日本におけるHIV感染症の発生動向に関する研究

文献情報

文献番号
202020019A
報告書区分
総括
研究課題名
日本におけるHIV感染症の発生動向に関する研究
課題番号
20HB1002
研究年度
令和2(2020)年度
研究代表者(所属機関)
松岡 佐織(国立感染症研究所エイズ研究センター)
研究分担者(所属機関)
研究区分
厚生労働科学研究費補助金 疾病・障害対策研究分野 エイズ対策政策研究
研究開始年度
令和2(2020)年度
研究終了予定年度
令和4(2022)年度
研究費
18,950,000円
研究者交替、所属機関変更
-

研究報告書(概要版)

研究目的
日本国内におけるHIV感染拡大抑制に向け、精度の高いHIV発生動向の把握が重要である。
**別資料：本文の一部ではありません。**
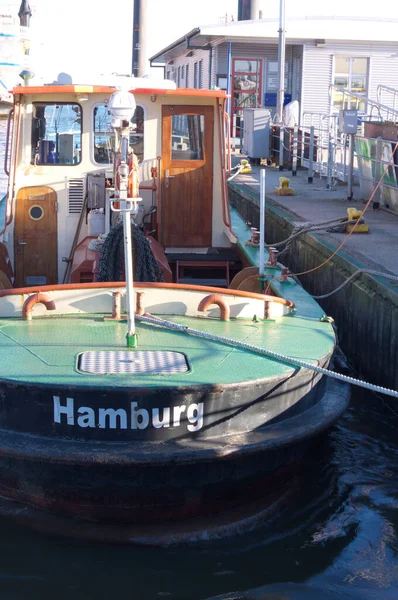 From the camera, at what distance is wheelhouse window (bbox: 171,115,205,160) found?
883 centimetres

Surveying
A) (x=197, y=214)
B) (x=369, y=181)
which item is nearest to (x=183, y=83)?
(x=369, y=181)

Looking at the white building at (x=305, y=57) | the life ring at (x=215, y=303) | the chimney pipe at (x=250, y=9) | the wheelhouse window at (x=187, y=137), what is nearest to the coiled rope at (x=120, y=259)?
the life ring at (x=215, y=303)

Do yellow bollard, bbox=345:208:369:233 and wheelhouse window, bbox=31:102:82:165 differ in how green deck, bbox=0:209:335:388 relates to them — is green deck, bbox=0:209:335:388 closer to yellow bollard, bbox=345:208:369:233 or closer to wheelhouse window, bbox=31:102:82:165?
wheelhouse window, bbox=31:102:82:165

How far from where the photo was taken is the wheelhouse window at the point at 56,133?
8.49m

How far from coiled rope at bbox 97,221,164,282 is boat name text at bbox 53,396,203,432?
2.17 metres

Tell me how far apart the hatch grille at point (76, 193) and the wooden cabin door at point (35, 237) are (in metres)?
0.17

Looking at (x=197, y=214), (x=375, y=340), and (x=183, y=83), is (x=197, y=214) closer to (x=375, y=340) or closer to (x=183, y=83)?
(x=375, y=340)

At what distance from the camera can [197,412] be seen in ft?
16.6

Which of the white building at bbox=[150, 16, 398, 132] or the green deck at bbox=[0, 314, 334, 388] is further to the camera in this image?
the white building at bbox=[150, 16, 398, 132]

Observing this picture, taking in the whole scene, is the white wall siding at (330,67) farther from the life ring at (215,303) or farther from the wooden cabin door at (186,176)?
the life ring at (215,303)

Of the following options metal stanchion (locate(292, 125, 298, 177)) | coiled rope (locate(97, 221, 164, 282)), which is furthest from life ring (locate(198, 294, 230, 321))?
metal stanchion (locate(292, 125, 298, 177))

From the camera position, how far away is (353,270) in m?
8.66

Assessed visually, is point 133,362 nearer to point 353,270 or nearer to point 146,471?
point 146,471

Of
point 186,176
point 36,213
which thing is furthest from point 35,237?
point 186,176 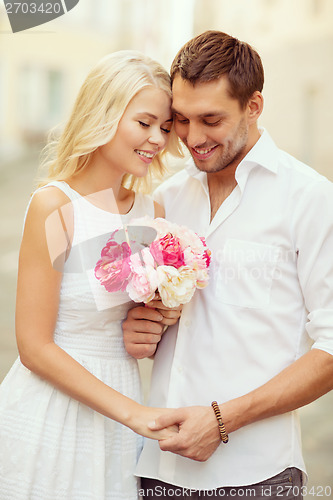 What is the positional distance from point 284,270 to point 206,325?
12.4 inches

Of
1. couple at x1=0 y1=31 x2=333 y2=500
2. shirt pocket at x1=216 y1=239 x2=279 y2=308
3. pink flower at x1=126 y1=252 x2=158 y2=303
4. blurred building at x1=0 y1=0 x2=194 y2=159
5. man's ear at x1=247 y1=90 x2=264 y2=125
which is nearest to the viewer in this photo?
pink flower at x1=126 y1=252 x2=158 y2=303

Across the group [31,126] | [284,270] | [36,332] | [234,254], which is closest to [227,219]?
[234,254]

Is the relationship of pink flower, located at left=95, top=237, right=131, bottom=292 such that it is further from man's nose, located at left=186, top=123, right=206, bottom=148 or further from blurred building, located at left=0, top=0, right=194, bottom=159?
blurred building, located at left=0, top=0, right=194, bottom=159

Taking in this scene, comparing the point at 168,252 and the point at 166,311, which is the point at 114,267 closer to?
the point at 168,252

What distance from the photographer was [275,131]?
631 centimetres

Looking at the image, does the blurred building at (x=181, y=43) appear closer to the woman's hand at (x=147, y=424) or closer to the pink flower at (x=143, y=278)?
the pink flower at (x=143, y=278)

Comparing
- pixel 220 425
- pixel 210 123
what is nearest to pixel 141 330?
pixel 220 425

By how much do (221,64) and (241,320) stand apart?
855 millimetres

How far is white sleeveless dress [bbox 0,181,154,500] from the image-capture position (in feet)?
6.14

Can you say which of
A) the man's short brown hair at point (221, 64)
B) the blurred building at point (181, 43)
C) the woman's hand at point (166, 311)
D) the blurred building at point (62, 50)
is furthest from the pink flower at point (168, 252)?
the blurred building at point (62, 50)

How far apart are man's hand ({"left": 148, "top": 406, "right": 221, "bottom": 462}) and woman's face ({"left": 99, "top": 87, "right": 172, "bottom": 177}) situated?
0.81 meters

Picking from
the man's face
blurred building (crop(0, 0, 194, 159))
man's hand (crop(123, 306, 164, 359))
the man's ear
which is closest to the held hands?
man's hand (crop(123, 306, 164, 359))

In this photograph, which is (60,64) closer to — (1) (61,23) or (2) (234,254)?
(1) (61,23)

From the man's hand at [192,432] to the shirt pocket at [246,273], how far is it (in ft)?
1.22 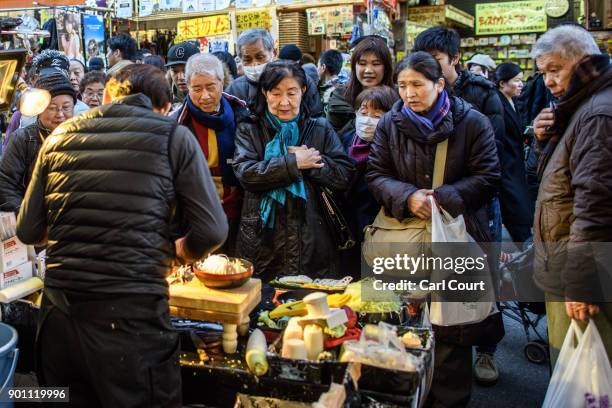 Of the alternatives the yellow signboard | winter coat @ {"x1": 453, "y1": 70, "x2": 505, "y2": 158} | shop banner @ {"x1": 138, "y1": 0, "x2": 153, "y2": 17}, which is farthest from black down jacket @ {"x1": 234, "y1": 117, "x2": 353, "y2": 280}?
shop banner @ {"x1": 138, "y1": 0, "x2": 153, "y2": 17}

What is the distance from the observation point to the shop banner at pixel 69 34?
639cm

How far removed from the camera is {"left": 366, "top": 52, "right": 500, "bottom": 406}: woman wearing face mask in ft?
9.59

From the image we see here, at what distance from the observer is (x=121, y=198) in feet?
6.20

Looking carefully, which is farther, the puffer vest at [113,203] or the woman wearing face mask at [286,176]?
the woman wearing face mask at [286,176]

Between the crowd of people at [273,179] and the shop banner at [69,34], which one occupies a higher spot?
the shop banner at [69,34]

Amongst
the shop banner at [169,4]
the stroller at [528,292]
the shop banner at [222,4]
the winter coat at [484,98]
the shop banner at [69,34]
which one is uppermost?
the shop banner at [169,4]

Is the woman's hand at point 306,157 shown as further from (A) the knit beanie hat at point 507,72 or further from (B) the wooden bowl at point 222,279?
(A) the knit beanie hat at point 507,72

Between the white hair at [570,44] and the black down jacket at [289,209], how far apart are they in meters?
1.22

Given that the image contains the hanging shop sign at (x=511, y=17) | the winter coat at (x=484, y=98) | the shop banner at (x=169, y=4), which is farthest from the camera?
the hanging shop sign at (x=511, y=17)

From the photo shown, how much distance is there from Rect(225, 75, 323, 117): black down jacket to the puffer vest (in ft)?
4.77

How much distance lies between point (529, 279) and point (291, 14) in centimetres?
491

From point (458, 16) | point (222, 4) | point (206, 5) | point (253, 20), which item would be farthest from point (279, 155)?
point (458, 16)

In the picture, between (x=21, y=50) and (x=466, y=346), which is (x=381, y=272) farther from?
(x=21, y=50)

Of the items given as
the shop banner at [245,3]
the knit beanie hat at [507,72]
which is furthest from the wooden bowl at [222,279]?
the shop banner at [245,3]
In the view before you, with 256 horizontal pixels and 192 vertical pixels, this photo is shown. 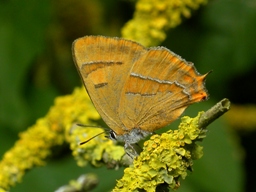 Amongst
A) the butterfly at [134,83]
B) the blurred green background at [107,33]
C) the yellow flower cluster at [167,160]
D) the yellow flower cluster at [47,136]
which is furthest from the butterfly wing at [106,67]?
the blurred green background at [107,33]

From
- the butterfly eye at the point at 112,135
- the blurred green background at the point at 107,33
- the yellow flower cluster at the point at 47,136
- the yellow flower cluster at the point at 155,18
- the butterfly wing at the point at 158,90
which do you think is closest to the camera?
the butterfly wing at the point at 158,90

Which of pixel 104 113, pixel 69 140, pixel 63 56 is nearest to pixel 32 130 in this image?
pixel 69 140

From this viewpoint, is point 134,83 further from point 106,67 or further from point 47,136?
point 47,136

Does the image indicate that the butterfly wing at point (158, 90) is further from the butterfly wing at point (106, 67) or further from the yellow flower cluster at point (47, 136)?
the yellow flower cluster at point (47, 136)

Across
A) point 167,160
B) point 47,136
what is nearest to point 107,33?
point 47,136

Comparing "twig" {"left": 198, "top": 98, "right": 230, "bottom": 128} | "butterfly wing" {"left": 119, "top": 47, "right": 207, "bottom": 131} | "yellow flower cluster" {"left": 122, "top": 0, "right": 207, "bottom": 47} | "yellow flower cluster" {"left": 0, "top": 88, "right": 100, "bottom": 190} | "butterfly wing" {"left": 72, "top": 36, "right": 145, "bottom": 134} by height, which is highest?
"yellow flower cluster" {"left": 122, "top": 0, "right": 207, "bottom": 47}

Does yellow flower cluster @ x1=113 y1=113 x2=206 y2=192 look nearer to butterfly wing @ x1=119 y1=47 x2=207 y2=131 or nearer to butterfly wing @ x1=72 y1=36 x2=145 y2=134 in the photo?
butterfly wing @ x1=119 y1=47 x2=207 y2=131

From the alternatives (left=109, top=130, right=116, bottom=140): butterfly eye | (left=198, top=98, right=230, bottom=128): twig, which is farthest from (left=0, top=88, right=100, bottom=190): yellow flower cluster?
(left=198, top=98, right=230, bottom=128): twig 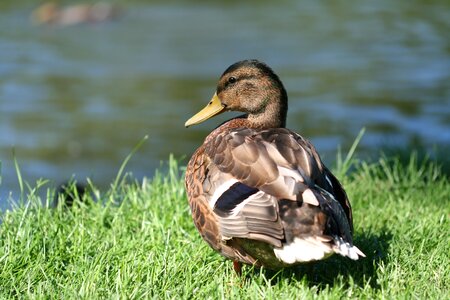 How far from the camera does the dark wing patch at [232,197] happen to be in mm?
3592

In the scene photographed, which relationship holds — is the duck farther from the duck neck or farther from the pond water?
the pond water

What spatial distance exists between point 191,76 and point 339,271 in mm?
7218

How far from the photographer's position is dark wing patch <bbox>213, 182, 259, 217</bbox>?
3592 mm

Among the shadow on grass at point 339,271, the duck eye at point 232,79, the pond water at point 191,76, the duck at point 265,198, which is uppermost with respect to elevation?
the duck eye at point 232,79

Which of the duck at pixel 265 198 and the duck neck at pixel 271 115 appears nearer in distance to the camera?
the duck at pixel 265 198

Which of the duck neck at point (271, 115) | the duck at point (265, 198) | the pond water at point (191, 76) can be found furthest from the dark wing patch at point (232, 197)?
the pond water at point (191, 76)

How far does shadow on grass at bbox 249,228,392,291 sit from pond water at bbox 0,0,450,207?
2.01m

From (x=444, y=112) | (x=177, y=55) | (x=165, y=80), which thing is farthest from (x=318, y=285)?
(x=177, y=55)

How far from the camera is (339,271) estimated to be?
3.97 m

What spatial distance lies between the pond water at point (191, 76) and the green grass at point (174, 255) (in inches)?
35.4

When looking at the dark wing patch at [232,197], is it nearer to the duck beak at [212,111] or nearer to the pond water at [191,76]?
the duck beak at [212,111]

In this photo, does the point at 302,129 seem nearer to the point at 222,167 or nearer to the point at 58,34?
the point at 222,167

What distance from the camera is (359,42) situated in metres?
13.0

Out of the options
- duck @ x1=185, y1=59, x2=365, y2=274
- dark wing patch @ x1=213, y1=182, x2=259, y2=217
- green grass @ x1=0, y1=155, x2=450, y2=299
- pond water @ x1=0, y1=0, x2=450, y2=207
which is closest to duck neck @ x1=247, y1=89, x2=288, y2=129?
duck @ x1=185, y1=59, x2=365, y2=274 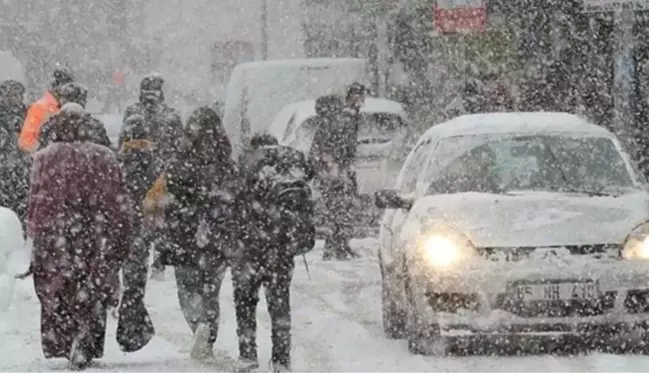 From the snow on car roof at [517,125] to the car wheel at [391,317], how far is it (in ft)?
3.70

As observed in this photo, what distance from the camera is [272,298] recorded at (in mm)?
9266

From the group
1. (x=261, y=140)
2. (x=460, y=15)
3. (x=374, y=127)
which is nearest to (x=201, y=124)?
(x=261, y=140)

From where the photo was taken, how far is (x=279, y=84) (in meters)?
21.2

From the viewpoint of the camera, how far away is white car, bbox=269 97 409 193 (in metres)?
17.7

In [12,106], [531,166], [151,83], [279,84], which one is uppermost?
[151,83]

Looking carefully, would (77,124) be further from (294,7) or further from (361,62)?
(294,7)

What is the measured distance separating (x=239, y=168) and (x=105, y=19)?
4800cm

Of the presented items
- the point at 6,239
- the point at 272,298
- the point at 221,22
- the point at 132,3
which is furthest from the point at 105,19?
the point at 272,298

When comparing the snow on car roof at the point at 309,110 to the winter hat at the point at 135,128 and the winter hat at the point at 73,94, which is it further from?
the winter hat at the point at 73,94

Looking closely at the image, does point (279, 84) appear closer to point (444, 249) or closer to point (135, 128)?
point (135, 128)

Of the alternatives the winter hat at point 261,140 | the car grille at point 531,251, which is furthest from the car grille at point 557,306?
the winter hat at point 261,140

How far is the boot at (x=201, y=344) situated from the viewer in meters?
9.91

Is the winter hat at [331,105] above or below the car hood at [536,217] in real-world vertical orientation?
below

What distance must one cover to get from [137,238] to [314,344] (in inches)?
60.5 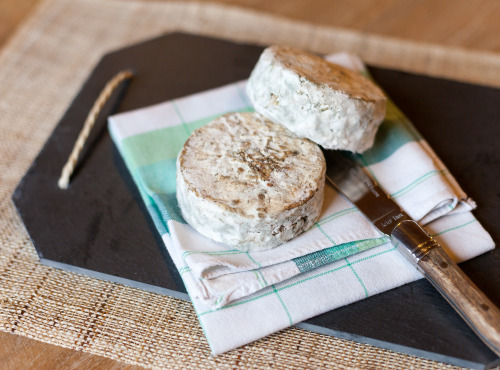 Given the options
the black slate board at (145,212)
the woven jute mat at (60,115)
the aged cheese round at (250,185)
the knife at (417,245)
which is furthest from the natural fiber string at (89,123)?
the knife at (417,245)

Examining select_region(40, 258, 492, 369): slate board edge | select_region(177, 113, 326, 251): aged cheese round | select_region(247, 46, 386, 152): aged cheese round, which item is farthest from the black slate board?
select_region(247, 46, 386, 152): aged cheese round

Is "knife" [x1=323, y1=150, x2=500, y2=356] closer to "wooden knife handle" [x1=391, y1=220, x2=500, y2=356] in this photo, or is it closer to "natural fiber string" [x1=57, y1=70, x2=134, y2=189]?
"wooden knife handle" [x1=391, y1=220, x2=500, y2=356]

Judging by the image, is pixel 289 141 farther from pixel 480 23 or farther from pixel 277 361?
pixel 480 23

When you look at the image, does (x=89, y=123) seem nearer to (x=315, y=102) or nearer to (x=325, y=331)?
(x=315, y=102)

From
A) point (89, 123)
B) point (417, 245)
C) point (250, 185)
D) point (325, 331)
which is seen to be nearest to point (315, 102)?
point (250, 185)

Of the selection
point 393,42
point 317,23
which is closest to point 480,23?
point 393,42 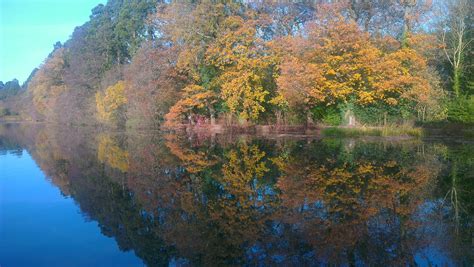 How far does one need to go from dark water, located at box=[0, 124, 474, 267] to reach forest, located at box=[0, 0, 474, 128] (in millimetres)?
11437

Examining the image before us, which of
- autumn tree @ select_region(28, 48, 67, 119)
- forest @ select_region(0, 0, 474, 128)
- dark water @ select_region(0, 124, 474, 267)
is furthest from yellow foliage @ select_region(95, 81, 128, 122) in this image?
dark water @ select_region(0, 124, 474, 267)

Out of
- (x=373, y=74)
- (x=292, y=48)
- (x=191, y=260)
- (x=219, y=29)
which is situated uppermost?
(x=219, y=29)

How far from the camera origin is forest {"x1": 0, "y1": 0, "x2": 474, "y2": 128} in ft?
91.2

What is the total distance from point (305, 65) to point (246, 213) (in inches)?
816

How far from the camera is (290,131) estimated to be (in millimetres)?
32812

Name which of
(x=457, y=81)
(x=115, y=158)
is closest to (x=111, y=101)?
(x=115, y=158)

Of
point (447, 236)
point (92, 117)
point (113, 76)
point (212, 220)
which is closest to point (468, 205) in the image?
point (447, 236)

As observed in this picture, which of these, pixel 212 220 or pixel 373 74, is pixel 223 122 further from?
pixel 212 220

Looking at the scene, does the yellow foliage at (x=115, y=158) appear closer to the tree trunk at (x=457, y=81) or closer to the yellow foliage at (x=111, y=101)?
the yellow foliage at (x=111, y=101)

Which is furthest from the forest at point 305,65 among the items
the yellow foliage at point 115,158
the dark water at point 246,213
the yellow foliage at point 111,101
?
the yellow foliage at point 115,158

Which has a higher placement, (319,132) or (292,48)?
(292,48)

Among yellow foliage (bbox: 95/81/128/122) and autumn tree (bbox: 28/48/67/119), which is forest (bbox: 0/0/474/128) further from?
autumn tree (bbox: 28/48/67/119)

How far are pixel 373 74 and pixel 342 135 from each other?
4857 millimetres

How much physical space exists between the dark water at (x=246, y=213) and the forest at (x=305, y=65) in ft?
37.5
WHOはHIV感染後の早期診断・早期治療を推進し、その数値目標としてケアカスケードに基づく90-90-90戦略を発表した。これは、HIV陽性者(未診断者を含む)が診断を受け自らの感染の事実を知り(診断率)、診断者の治療率(治療率)、治療者のウイルス複製抑制を達成率(治療成功率)のすべてを90%に達成し、集団における感染拡大防止に結びつけることを目標としている。日本のエイズ発生動向調査では新規報告数の約3割がエイズ発症により見出されており、上記3項目のうち特に診断率が90%に達していない可能性が高い。診断率の把握のためは精度の高いHIV感染者数の推定が極めて重要である。我々は先行研究において新規HIV診断者にしめる早期診断者割合の把握に向けた地域別血清学的調査を実施する連携体制を構築し、この早期診断率を指標に我が国において診断率が90%に達していないことを示した(PRM, 2019.)。この報告はバイオマーカーを指標とした国内初のHIV感染者数の推定値である。本研究ではこの高い独創性を維持・活用し、血清学的調査を基盤とした早期診断率の評価を継続し、更に精度の高い国内感染者数を推定する。
研究方法
3カ年計画1年目の令和2年度は次の4点を中心に研究を進めた。
(1)血清学的手法を用いた大都市圏における早期診断率の推定 東京都、大阪府、福岡県を対象とし自治体が実施するHIV行政検査にてHIV陽性が同定された全検体を解析対象としHIV-1 Limiting Antigen Avidity EIAを用いてHIV感染後半年以内と推定される検体数の割合を調査した。
(2)診断時CD数の把握、および情報収集体制の強化に対する研究
2019年よりエイズ動向調査の調査項目として追加された診断時CD数について、2020年6月1日時点NESIDに診断時CD数の報告がない例について、その属性を解析した。また協力が得られた関係者(保健所、医療機関、自治体の感染症疫学センターなど)に対し、CD4数の情報収集、届け出方法に対し聞き取り調査を実施し、改善案について意見交換を行った。
(3)診断時CD4数と早期診断率の関連分析
診断時CD4の分布とその報告率を比較解析し、地方における早期診断率の推定にむけ、基盤データを整備した。
(4)国内HIV感染者数推定における数理モデルの活用に関する研究
HIV感染症の流行動態を明らかにするための流行ベースラインの定量化を実現するために、具体的なモデルの定式化の検討および自然史の文献情報をまとめた。


結果と考察
(1)血清学的手法を用いた大都市圏における早期診断率の推定 東京都、大阪府に関しては2019年までに採取された検体を用いた実験データを取得した。現在解析を進めている。
(2)診断時CD数の把握、および情報収集体制の強化に対する研究
エイズ発生動向調査に診断時CD4数の登録がなかった自治体関係者からの聞き取りにより、登録システム上の不便性の指摘があった。意見を取りまとめ、研究班として厚生労働省に改善案を提示した。
(3)診断時CD4数と早期診断率の関連分析
本解析を行うにより診断時CD4数の情報が充分でないことが判明したため、情報の追加収集を行い基盤データを強化した。
(4)国内HIV感染者数推定における数理モデルの活用に関する研究
競合リスクモデルに類するデータ生成過程をマッケンドリック偏微分方程式系モデルを利用した逆計算法について数理的な再検討を行った。今後、この系を支配するパラメータ推定を実施していくところである。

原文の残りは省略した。